Dec 29th, 2021
Trade Updates for Week of December 29, 2021
United States Court of International Trade
Slip Op. 21-174
Before the Court in Borusan Mannesmann Boru Sanayi ve Ticaret A.S., et. al., v. United States, et. al., Consol. Court No. 19-00056, Slip Op. 21-174 (December 28, 2021) was Plaintiffs’ challenge against Commerce’s remand determinations and resulting antidumping duty orders regarding Large Diameter Welded Pipe (“LDWP”) from Turkey. Id. at 2. American Line Pipe Producers Association (“ALPPA”) argued that Commerce erred by removing the adjustment for a particular market situation (“PMS”). Id. at 5. ALPPA asserted that “the PMS adjustment is available when the sales-below-cost test is utilized” and that the court erred in earlier decisions that held it was not available under the statute for a cost of production {“COP”) analysis. Id. Defendant-intervenor, Borusan Mannesmann Boru Sanayi ve Ticaret A.S. (“BMB”), and the government, however, requested that “the court sustain Commerce’s second remand redetermination as to the PMS adjustment”. Id. at 6. BMB requested that the court sustain the second redetermination, and it also urged the court to find in its favor regarding “outstanding issues,” including its U.S. date of sale. Id. at 8. BMB argued that Commerce failed to act on the court’s instruction to “address all open issues,” and Commerce’s characterization of the date-of-sale issue as moot was in error. Id. BMB asserted that “Commerce’s decision warranted the court holding that Commerce waived the opportunity to use any date other than the contract date, and thus, the court should rule in BMB’s favor.” Id. ALPPA asserted that “the court should not grant relief in BMB’s favor.” Id. For the following reasons, the court sustained Commerce’s second remand redetermination. Id. at 3.
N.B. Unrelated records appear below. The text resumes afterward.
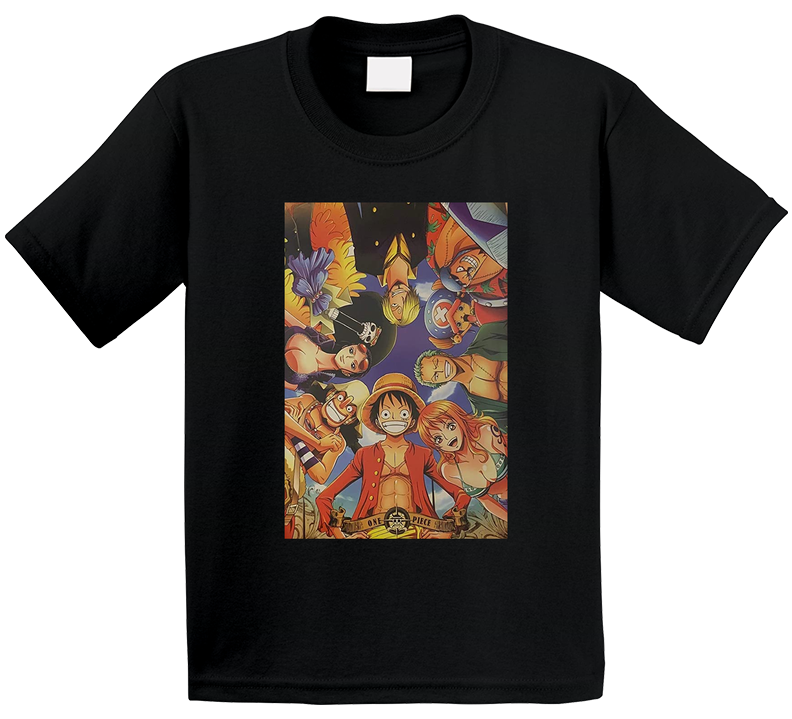 front preview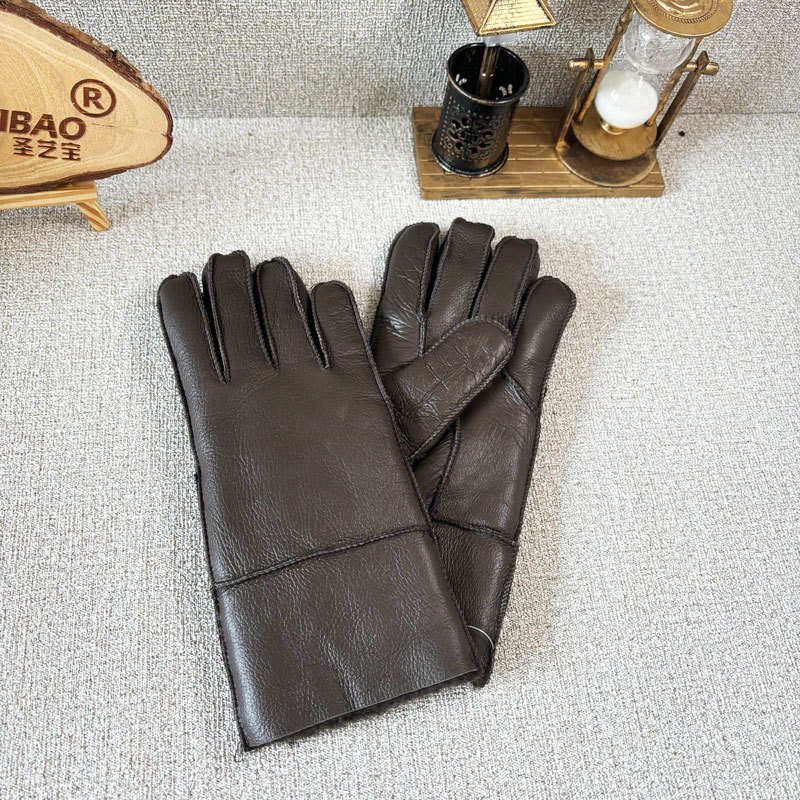 �羳�����¿���Ůʿ������ָƤëһ�����ױ�ů��Ƥ���׳���ֱ��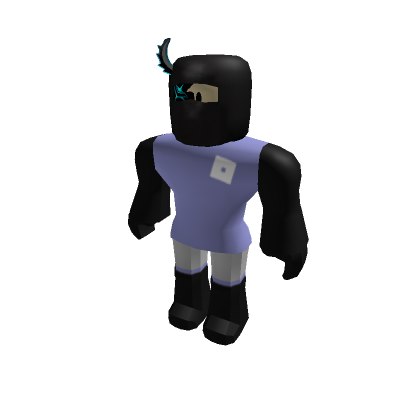 Full avatar of angeloxy19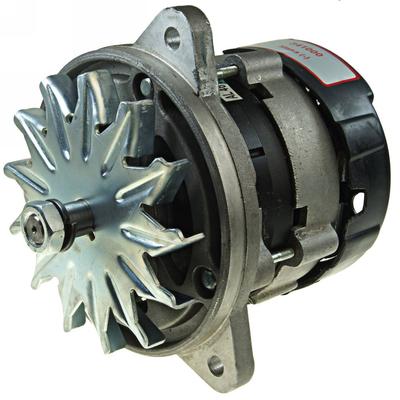 Alternator Mf-3 Mf3 14V 34A 1668906M92 Massey Ferguson 235 255 3512 3514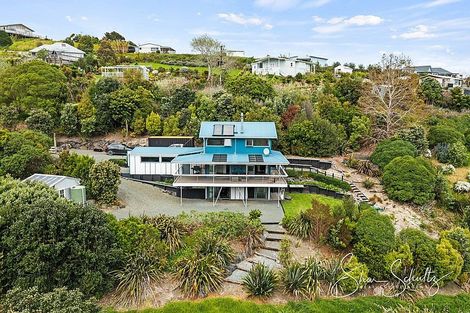 Photo of property in 1122 Whakapirau Road, Whakapirau, Maungaturoto, 0583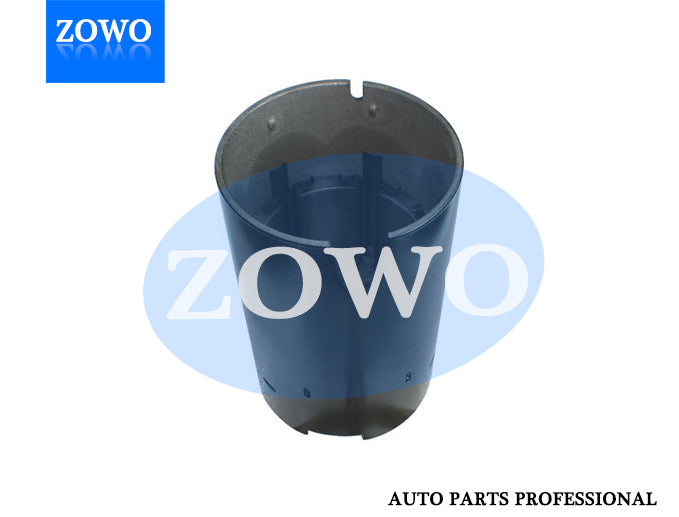 STATOR FRAME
The court sustains Commerce’s results of an administrative review of an antidumping duty order unless it is “unsupported by substantial evidence on the record, or otherwise not in accordance with law[.]” 19 U.S.C. § 1516a(b)(1)(B)(i). Id. at 5. It is not necessary for Commerce to calculate an adjustment if it “would impose a needless expense and waste the agency’s time” because it would not change the ultimate rate determination. See Roses Inc. v. United States, 15 CIT 465, 471, 774 F. Supp.1376, 1381 (1991). Id. at 8. In this case, the court found that “Commerce’s removal of an adjustment for a PMS is not contrary to law”. Id. at 5. Here, the court stated that “no adjustment for a PMS is permitted for the sales-below-cost test.” Id. at 6. The court explained that it “may lack jurisdiction over the issue because ALPPA did not raise the argument on appeal when it had the opportunity to do so.” Id. at 7.
However, “[a]ssuming the court has jurisdiction over the issue, it sustains Commerce’s removal of the adjustment for a PMS.” Id. “Here, because Commerce was determining BMB’s COP for purpose of the sales-below-cost test, it was not permitted to apply the PMS adjustment.” Id. at 8. “Commerce’s determinations have rendered BMB’s estimated weighted-average dumping margin de minimis and the date-of-sale determination would not change the rate determination.” Id. Thus, the court explained that Commerce did not need to calculate an adjustment if BMB had already secured the “maximum possible relief” when the margin rate was already de minimis. Id. “Commerce correctly assumed that the court would not require useless acts.” Id. As such, the court sustained Commerce’s second remand redetermination in full. Id. at 9.